Revue de presse

"Pussy Riot, icônes anti-Poutine" (Le Monde, 1er sept. 12)

4 septembre 2012

"Le 21 février [...], quatre gamines font irruption avec guitares et sono sur l’autel de la cathédrale du Christ-Sauveur, à Moscou, haut lieu des retrouvailles rituelles entre le Kremlin et le patriarcat orthodoxe. Déhanchements, prosternations, signes de croix à l’appui, les punkettes en robes et cagoules colorées entonnent un simulacre de prière, aux accents de blasphème puisque c’est le coeur du régime qui est visé. Elles chantent comment Kirill, le patriarche orthodoxe, "croit en Poutine et non en Dieu". Sous les yeux des présents hébétés, elles implorent en musique sur le mode de la prière : "Vierge Marie, chasse Poutine !"

[...] Depuis, l’affaire Pussy Riot a mis la Russie sens dessus dessous. Perçues comme des icônes de la contestation par la "classe créative" avide de changement, les Pussy sont des "sorcières" pour l’autre Russie, celle de la périphérie, patriarcale et conservatrice. Leur "prière punk" a ridiculisé le Kremlin, décrédibilisé la justice, sapé l’autorité d’un patriarche déjà discrédité par son train de vie - montres de luxe, Mercedes blindée et nuée de gardes du corps.
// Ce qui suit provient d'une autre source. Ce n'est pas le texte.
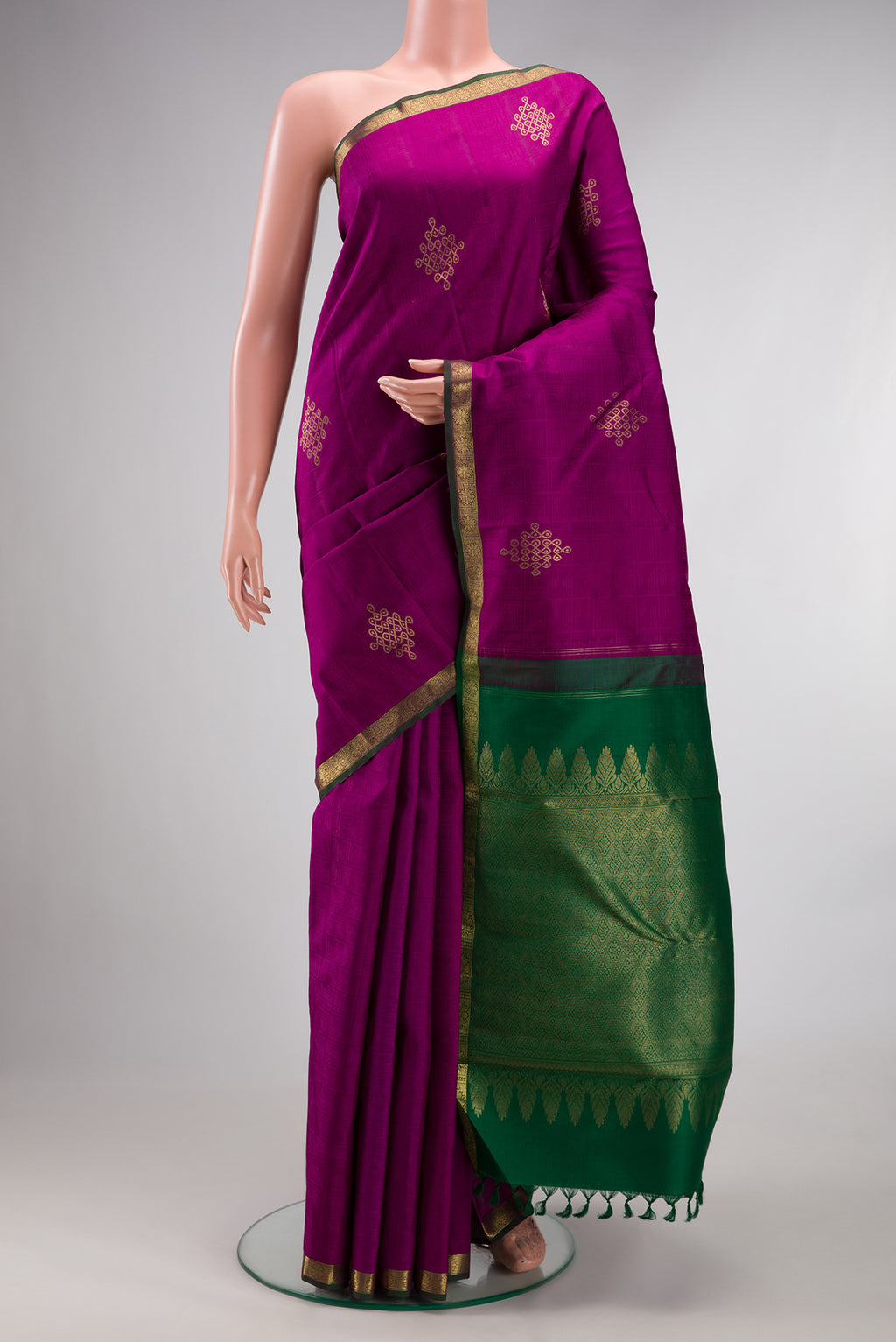Pure Silk Magenta Kanjivaram Saree with Jacquard With Zari Butta on the body and Zari Border.  displayed on a mannequin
L’engagement du patriarche aux côtés de Poutine est également jugé indécent. N’a-t-il pas récemment pris sa carte du Front populaire, le nouveau parti du maître du Kremlin ? "Quand l’URSS s’est effondrée, en 1991, l’Eglise n’a pas su trouver un nouveau souffle. Ses hauts dignitaires font ce qu’ils ont toujours fait : servir le pouvoir politique", résume l’ancienne dissidente Natalia Novodvorskaïa, chroniqueuse au magazine New Times. En exigeant la séparation entre l’Eglise et l’Etat, les Pussy Riot ont pénétré dans l’espace sacré. [...]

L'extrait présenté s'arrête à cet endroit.